As estatísticas da Fifa confirmam o otimismo do dirigente, antes tão negativo: com uma média de 53.592 espectadores, o país praticamente bateu o recorde de frequência aos estádios desde 1930. Única exceção foi o Mundial de 1994, nos Estados Unidos, do qual, entretanto, participaram 24 seleções, em vez de 32. Com menos jogos, a média de público tende a ser maior.
Esses números tão imponentes também asseguraram faturamento recorde para a Fifa. Segundo reportagem do Estado de São Paulo, os lucros da organização giraram em torno de 5 bilhões de dólares. Em comparação, a Copa da África do Sul rendeu 4,1 bilhões de dólares – livres de tributação, claro.

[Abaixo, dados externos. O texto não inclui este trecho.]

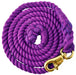 Tough1 Braided Cotton Horse Lead Rope w/ Trigger Bull Snap, 8.5' - Purple  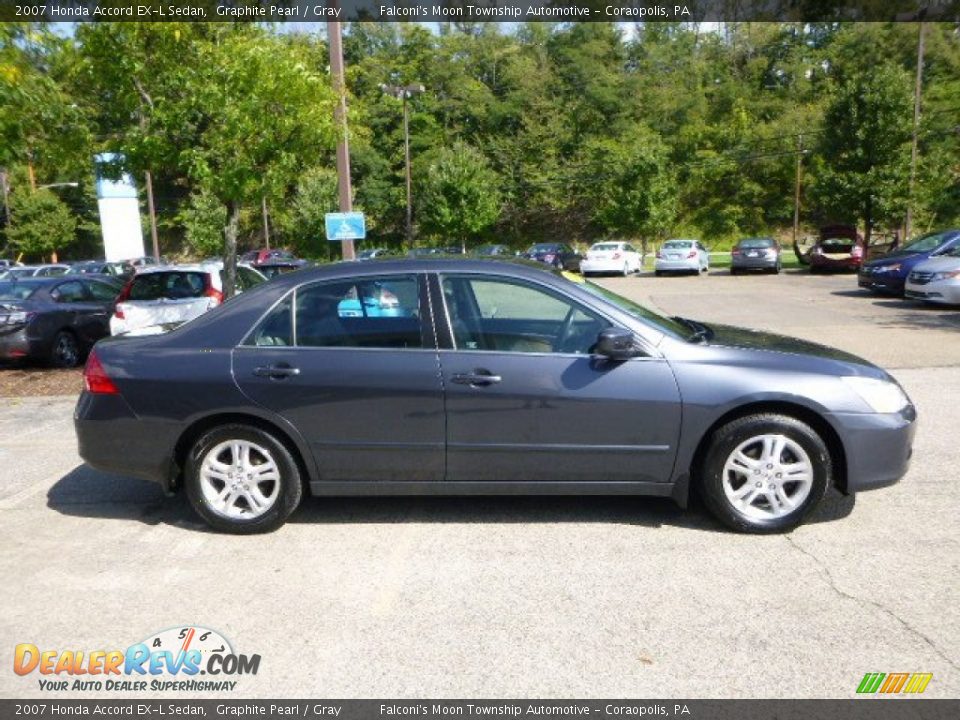 2007 Honda Accord EX-L Sedan Graphite Pearl / Gray Photo #6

Contudo a festa acabou, tanto para o Brasil como para a Fifa. Dirigentes esportivos brasileiros estão tendo que encarar perguntas desagradáveis tanto ao pé do Pão de Açúcar como à margem do Lago de Zurique. Entre outros, a Polícia Federal e o Ministério Público submetem a inquérito o ex-presidente da CBF Ricardo Teixeira.
Além disso, o Brasil se dispõe a auxiliar a Fifa nas reformas planejadas. O ex-craque Zico já se ofereceu para a sucessão de Blatter. O veterano do futebol, de 62 anos, segue o lema da presidente Dilma: nunca desistir, mesmo que não haja a menor chance.